Experimental Research Of Ror2 Regulating Tumor Cell Migration

Approximately 90% of all cancer patients die from the metastatic spread of primary tumors. An understanding of the process by which cells from a localized tumor invade adjacent tissues and migrate to distant organs is crucial to anticancer strategies. A central aim in cancer therapy is to understand the mechanism of tumor cell migration.Receptor tyrosine kinases (RTKs) play crucial roles in developmental morphogenesis by regulating cellular proliferation,differentiation,migration,and death. The Ror-family receptors are orphan RTKs, which are evolutionarily conserved.Two structurally related Ror-family RTKs are found in mammals(Rorl and Ror2).Ror2 plays an important role in the nervous system and acral development.

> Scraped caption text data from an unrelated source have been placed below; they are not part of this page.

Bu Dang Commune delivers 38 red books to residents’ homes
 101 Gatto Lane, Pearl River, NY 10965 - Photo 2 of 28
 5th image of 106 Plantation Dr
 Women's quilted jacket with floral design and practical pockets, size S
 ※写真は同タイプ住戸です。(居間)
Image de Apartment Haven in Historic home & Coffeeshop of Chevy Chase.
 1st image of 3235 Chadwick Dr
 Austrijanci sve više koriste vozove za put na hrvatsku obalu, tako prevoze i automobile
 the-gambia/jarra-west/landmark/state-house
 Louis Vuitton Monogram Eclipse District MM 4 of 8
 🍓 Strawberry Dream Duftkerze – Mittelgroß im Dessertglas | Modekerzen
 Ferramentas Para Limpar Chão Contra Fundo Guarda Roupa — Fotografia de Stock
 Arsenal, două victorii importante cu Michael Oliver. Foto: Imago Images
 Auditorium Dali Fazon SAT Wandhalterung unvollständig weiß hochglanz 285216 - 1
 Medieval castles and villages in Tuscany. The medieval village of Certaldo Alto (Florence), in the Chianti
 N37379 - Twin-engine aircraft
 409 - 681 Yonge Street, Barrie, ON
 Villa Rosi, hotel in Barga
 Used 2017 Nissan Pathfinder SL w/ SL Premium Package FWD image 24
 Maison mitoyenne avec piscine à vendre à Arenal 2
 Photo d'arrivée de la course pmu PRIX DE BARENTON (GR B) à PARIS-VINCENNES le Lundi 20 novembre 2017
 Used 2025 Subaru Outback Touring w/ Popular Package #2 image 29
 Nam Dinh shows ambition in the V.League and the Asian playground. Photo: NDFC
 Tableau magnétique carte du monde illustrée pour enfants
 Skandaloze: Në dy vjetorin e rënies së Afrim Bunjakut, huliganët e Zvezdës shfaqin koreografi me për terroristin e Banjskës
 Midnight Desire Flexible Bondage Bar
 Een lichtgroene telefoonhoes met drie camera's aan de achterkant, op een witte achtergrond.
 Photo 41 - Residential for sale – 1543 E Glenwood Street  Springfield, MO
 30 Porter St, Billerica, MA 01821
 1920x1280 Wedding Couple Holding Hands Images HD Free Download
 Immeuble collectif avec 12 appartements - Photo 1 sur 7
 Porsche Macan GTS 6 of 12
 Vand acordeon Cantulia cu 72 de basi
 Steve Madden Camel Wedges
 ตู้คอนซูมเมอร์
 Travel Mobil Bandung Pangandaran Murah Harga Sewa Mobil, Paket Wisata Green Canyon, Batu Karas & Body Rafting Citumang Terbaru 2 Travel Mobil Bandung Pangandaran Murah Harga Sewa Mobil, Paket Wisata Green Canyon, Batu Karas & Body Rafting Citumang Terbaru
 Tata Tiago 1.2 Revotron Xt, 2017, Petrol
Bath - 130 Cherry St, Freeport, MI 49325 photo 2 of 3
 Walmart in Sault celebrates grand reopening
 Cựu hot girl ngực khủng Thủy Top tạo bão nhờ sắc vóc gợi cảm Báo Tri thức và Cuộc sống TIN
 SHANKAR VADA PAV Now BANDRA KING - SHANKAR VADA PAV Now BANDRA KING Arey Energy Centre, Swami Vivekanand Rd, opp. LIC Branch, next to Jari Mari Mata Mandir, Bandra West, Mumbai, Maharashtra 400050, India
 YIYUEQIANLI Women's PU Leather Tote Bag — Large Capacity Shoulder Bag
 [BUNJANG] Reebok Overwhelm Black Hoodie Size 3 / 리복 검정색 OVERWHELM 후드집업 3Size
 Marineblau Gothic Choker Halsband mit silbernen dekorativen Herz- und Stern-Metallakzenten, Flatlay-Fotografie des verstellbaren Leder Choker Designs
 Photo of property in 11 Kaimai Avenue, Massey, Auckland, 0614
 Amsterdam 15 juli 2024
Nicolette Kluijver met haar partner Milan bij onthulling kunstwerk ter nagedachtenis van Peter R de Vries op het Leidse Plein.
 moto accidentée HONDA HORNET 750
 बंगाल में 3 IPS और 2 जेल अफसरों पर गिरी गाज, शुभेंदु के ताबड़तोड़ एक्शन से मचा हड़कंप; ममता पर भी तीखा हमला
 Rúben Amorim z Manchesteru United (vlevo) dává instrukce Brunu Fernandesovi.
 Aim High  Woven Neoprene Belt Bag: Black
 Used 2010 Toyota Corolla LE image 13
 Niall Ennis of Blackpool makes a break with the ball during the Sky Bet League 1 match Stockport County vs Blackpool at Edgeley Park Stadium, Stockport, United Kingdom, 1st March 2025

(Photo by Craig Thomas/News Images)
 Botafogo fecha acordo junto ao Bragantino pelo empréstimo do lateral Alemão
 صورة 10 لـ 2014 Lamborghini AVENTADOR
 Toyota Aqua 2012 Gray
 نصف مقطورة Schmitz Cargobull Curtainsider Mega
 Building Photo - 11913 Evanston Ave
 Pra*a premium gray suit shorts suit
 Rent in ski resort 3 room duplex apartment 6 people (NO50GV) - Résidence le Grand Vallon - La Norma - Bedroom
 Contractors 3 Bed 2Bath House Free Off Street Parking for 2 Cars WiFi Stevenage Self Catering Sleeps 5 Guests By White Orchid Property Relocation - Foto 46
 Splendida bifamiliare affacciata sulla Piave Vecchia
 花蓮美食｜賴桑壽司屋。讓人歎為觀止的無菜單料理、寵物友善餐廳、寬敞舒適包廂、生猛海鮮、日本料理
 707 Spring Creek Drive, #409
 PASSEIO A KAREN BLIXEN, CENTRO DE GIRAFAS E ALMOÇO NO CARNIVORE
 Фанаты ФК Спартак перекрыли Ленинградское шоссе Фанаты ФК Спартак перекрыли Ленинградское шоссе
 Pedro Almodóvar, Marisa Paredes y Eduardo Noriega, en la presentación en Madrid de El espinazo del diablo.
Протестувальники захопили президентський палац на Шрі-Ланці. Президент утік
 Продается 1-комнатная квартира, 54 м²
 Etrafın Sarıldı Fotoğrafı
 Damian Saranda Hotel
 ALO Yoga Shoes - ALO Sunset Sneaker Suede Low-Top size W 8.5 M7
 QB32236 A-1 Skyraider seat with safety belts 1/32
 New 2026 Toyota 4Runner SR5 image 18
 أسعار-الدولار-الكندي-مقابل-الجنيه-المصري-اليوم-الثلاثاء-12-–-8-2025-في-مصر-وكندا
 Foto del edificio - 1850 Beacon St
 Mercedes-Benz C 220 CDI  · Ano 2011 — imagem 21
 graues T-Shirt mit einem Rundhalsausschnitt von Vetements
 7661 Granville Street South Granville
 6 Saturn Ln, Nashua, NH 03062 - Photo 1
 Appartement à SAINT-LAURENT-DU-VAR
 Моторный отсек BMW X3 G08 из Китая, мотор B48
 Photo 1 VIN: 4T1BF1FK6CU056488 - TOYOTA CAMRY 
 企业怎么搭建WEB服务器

Previous studies showed Ror2 can interact with Wnt5a and CKIε, regulating canonical or non-canonical Wnt signaling pathway.However the relationship between Ror2 and tumor cell migration remains unclear.Our previous study showed that Ror2 was highly expressed in metastatic melanoma B16-BL6 cells but not in its lowly metastatic parental cell line,B16 cells.We propose that Ror2 may plays an important role in regulating tumor cell invasion and migration.In this paper, using a recombinant adenovirus, we investigate the effect of human Ror2 gene over-expression and RNAi on tumor cell migration both in vitro and in vivo. Our results show:First, by the way of homologous recombination in eukaryotic cells, we constru cted a recombinant adenovirus Ad-Ror2-Flag that could express human Ror2 effectively. We also got a recombinant adenovirus AdH1-Ror2-RNAi,which could interfere the expression of Ror2 efficiently. The functions of the two adenovirus were examined via immunoblotting. Second, in vitro wound-healing assay indicated that the migratory ability of B16-BL6 cells was inhibited by infected with AdHl-Ror2-RNAi. When B16-BL6 cells were injected through the tail vein of C57BL/6J mice, B16-BL6 cells infected with AdHl-Ror2-RNAi formed much less metastatic tumors in lungs and livers of the mice than that in control groups.But hypodermic inoculation of B16-BL6 cells infected with AdH1-Ror2-RNAi showed no significant effect on tumor genesis or growth.All these results indicated that ,taking the way to knocking down the expression of Ror2 by RNA interference could markedly inhibit the migration of metastatic melanoma B16-BL6 cells in vitro and in vivo. The results suggest that Ror2 plays a key role in regulating tumor cell migration.